These have been a couple of long days, long weeks, long months. The much-awaited weekend’s coming. The plan is to snuggle into that nice cosy couch and lie there all day as the warmth of home wraps you in and lulls you to sleep.
But you know what they say. Life is a jerk.
And before you know it, Life has busted it all – even that little plan to sleep all day. You’re on fast-sinking ground, shrouded in darkness. Lying amidst broken fragments of something fragile yet wild, threatening to drown you. It’s a while before you reach calm and make out shapes in the black. And when you do, you gasp – it’s you. It’s all you, shattered to pieces. You’re in the graveyard of your own life, and they weigh you further down to darker hollows.
Is this a joke? Retribution? What for? You sit on your knees and cry. It’s not like you were actually going to sleep all day. This so-called Life is stupid, okay? The ground seems to appear steady now. Maybe it was punishment for some wrongdoing, either way it’s over now, you think. Everything’s going to go back to normal.
So if it’s all over, why does it hurt so bad? It’s shearing you apart, so why aren’t you dead yet?
Then the pain sets in. It’s too real to ignore now. Somebody, make it stop!
You grope around in the dark for an opening, a door, an escape- it should be there. Every feel of a shard opens up a new gash on your skin. Like an idiot, you hug at the infinite walls that surround you and yell for help. Scoop out handfuls of damp earth from the ground in a desperate attempt to escape. All the while crying like the little lost child you are. You tell yourself hopelessly that a time-turner is going appear any moment now, and you’ll be back in your living room again. Everything’s going to go back to normal.
But nothing happens, your calls for help are the only company you got. With that knowledge, you collapse onto the floor. You lie there for a while with your eyes still wet, thinking about the warm couch in your living room. It’s all gone. The dark, damp and debris are all that remain. You look around- Denial isn’t going to help, this will be your new ‘home’ now.
As if on cue, the cold ground kisses you, and somehow it doesn’t scare anymore. You acquiesce to what is perhaps the only show of affection the place has to offer. You slowly stop crying. You learn to see in the dark. The broken everything doesn’t cut you anymore, and the persistent prickling pain grows to be a part of you. It’s tricky, but you’ll learn when it’s your turn. *
Though your head blasts with a hundred, nay, a million questions, all the likes of “Why me?” you learn to embrace it. Life goes on. People pass you by from another world, smiling. “Everyone has battles”, probably answering that question in your head. Of course everyone does, you smile weakly. The ground kisses you again.

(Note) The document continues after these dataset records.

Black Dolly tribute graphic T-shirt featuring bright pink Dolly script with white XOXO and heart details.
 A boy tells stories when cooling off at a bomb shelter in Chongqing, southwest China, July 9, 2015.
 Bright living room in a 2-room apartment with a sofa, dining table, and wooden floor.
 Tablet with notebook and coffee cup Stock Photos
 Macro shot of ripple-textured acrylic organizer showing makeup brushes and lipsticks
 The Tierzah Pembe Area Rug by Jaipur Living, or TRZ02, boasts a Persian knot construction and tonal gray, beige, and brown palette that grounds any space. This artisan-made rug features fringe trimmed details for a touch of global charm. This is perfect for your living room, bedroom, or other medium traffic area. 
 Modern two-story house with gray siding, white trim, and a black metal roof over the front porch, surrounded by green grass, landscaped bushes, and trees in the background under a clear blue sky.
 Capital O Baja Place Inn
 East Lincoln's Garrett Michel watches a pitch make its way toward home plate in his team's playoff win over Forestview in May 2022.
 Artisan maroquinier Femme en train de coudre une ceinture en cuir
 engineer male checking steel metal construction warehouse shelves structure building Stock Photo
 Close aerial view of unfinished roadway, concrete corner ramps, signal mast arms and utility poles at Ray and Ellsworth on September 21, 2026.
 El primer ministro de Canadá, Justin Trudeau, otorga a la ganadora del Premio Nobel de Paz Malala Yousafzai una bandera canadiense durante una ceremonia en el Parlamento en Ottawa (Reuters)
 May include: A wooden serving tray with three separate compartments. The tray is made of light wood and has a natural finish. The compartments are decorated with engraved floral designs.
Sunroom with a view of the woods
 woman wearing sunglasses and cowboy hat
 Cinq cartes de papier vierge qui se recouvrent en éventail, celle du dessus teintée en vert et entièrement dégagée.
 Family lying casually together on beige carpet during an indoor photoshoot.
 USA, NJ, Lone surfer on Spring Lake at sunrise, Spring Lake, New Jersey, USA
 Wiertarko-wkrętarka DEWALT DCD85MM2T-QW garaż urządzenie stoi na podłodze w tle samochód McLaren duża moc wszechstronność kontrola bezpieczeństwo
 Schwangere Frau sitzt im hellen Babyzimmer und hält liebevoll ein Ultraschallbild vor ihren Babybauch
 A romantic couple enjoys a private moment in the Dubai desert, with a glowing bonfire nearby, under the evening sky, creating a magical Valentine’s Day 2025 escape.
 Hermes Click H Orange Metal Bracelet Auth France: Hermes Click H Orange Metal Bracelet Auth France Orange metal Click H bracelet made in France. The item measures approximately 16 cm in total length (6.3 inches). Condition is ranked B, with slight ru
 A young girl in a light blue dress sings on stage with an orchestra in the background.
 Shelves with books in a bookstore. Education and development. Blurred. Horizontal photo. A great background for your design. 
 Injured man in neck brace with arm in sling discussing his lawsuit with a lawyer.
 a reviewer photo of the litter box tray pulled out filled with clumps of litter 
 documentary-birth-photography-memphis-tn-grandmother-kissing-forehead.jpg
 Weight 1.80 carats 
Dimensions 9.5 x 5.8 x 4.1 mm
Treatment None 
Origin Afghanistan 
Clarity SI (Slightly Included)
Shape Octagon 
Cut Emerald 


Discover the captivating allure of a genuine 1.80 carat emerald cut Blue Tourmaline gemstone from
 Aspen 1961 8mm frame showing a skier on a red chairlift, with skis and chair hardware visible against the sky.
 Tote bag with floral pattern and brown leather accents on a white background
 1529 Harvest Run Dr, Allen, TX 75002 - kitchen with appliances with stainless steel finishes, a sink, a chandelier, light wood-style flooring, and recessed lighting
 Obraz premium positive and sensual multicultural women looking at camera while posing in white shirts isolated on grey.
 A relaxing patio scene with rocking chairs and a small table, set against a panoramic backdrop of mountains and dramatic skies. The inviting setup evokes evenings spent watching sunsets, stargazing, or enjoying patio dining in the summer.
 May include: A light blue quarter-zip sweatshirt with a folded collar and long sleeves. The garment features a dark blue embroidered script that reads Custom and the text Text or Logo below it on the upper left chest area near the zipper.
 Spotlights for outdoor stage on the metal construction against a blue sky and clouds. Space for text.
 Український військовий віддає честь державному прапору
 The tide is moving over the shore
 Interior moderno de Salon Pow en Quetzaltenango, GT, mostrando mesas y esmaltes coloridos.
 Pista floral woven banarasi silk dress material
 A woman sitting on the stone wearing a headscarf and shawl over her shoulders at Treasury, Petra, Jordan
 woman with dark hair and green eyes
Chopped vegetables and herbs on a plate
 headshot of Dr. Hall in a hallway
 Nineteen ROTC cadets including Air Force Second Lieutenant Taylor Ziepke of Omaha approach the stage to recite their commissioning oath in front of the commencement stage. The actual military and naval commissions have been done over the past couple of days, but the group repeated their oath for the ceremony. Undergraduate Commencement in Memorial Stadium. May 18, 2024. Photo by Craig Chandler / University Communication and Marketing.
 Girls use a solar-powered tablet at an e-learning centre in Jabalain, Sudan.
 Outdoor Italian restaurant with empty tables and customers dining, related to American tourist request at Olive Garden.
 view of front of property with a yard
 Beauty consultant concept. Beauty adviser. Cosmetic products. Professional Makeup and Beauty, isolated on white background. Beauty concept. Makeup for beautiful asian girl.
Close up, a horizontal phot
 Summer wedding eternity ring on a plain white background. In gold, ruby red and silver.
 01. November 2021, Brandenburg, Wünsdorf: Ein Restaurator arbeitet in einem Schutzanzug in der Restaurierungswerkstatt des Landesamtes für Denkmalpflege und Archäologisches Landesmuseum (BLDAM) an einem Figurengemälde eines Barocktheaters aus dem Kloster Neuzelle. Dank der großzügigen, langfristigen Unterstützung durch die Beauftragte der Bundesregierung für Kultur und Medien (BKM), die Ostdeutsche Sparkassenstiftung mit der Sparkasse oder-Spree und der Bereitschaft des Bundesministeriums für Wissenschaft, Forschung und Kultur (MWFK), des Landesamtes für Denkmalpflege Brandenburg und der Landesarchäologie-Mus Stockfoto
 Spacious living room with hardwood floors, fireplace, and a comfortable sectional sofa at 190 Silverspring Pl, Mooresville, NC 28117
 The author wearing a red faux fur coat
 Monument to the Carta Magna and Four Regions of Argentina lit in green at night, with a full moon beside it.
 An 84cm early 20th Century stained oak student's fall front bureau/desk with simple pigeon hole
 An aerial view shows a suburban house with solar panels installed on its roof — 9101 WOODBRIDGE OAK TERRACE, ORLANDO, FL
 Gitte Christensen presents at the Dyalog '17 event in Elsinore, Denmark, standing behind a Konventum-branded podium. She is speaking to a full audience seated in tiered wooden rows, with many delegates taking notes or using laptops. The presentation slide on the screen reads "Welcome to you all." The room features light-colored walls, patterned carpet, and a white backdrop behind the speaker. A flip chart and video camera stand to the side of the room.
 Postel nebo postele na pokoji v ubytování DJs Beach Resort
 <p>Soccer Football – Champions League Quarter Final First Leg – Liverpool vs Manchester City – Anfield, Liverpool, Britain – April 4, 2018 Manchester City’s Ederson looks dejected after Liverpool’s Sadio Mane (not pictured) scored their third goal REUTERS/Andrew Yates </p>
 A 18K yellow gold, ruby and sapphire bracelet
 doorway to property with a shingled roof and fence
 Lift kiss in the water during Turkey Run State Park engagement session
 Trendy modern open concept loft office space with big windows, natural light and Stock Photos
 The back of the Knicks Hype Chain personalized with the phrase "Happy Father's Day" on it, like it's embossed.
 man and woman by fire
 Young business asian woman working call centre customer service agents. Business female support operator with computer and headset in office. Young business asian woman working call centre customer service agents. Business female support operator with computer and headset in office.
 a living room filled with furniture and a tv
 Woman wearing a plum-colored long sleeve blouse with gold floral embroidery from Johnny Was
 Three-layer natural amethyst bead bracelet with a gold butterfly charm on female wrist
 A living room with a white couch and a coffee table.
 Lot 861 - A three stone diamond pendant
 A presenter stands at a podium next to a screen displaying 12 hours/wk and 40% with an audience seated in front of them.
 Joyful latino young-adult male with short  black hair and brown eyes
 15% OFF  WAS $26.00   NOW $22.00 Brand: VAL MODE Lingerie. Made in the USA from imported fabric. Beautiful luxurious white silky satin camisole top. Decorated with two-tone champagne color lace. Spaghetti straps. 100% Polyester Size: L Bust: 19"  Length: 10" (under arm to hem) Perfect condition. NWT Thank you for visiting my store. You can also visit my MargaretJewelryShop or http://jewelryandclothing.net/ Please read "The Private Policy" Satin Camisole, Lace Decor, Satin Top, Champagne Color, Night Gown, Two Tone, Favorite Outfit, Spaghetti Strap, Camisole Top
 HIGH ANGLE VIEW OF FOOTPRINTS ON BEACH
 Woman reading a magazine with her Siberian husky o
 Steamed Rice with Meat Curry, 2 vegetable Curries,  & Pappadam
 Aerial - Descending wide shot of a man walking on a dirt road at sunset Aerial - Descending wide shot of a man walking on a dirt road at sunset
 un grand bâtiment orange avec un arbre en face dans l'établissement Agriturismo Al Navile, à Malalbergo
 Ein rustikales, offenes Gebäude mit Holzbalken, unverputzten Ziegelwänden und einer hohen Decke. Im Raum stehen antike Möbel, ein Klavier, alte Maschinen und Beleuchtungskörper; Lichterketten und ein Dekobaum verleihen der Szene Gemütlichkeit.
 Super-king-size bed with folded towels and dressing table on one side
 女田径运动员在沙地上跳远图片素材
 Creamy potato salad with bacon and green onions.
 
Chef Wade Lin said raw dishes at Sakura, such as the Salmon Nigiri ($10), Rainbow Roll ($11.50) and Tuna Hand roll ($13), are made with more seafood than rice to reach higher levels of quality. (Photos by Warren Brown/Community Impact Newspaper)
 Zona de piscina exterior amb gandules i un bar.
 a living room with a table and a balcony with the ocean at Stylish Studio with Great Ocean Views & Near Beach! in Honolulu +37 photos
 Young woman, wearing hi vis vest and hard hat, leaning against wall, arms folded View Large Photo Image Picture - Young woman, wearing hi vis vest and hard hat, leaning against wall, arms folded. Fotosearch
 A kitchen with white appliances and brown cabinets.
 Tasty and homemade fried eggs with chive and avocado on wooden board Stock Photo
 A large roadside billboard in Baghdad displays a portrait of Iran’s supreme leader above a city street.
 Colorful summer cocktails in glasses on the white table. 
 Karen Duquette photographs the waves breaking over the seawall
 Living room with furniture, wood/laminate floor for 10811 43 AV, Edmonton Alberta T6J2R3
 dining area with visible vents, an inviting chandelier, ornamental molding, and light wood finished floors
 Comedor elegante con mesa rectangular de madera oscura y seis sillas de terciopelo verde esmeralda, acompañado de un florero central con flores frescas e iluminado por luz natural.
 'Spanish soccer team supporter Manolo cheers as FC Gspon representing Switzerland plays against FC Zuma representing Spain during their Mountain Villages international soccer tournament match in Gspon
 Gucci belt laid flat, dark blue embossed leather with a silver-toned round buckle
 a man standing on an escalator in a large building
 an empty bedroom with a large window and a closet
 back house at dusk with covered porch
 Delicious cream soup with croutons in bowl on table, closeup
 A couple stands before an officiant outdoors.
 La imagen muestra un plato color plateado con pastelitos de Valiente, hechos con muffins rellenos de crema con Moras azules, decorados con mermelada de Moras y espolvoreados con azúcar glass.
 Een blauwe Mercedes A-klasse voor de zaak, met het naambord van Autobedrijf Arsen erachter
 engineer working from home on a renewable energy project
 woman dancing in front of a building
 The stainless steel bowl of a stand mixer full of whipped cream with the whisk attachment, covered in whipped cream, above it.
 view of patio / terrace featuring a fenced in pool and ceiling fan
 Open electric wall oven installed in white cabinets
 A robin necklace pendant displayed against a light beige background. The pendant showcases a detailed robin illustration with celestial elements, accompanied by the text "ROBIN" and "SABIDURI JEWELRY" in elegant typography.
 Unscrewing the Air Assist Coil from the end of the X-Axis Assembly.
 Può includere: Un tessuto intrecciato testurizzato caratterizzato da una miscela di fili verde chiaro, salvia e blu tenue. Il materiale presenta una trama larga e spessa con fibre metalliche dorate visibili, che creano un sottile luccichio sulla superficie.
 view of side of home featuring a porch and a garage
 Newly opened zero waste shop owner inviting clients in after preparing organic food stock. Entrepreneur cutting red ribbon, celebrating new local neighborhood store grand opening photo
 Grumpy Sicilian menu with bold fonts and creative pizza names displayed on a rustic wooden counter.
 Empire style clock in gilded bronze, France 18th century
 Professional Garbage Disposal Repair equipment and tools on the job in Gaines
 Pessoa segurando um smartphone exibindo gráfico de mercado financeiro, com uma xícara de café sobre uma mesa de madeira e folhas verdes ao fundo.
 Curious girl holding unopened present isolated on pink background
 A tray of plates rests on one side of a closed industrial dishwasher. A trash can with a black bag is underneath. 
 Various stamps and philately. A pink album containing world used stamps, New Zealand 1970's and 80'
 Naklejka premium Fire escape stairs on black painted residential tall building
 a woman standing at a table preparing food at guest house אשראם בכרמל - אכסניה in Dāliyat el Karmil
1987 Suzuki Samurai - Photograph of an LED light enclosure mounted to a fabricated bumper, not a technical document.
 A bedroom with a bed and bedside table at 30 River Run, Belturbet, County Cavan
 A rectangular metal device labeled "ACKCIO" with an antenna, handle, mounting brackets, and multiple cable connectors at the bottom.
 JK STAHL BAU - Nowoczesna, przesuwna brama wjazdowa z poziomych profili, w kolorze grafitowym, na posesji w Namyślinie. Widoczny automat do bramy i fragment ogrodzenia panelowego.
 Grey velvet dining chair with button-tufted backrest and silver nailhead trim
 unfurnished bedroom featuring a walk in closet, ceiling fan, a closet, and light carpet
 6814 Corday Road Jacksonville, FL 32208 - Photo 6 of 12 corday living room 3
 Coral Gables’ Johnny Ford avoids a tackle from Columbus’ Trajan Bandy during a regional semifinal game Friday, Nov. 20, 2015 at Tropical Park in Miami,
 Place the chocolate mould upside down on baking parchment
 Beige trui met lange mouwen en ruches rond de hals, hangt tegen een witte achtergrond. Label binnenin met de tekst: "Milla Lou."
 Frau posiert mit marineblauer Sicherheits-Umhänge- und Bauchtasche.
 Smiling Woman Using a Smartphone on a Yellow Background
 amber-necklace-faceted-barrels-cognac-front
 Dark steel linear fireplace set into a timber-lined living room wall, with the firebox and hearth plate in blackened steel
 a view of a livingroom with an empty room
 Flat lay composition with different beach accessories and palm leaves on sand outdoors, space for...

The dark doesn’t make you feel lonely anymore, the damp is as warm as it’ll be now on, and debris that perhaps if pieced together can paint a fraction, if not the whole picture that you once hoped to create. You remember some quote about black and white keys in a piano. You just never thought they could get SO black.
But you know what they say, Life is a jealous ass. Jealous of comfort in agony even. And just like that, Life kicks you out into the (regular) world, once again blinding you.
Though this time, it’s the sun, isn’t it? It has to be. What else could be so warm and bright?
It takes a moment to take it all in. The world is back. THE WORLD IS BACK!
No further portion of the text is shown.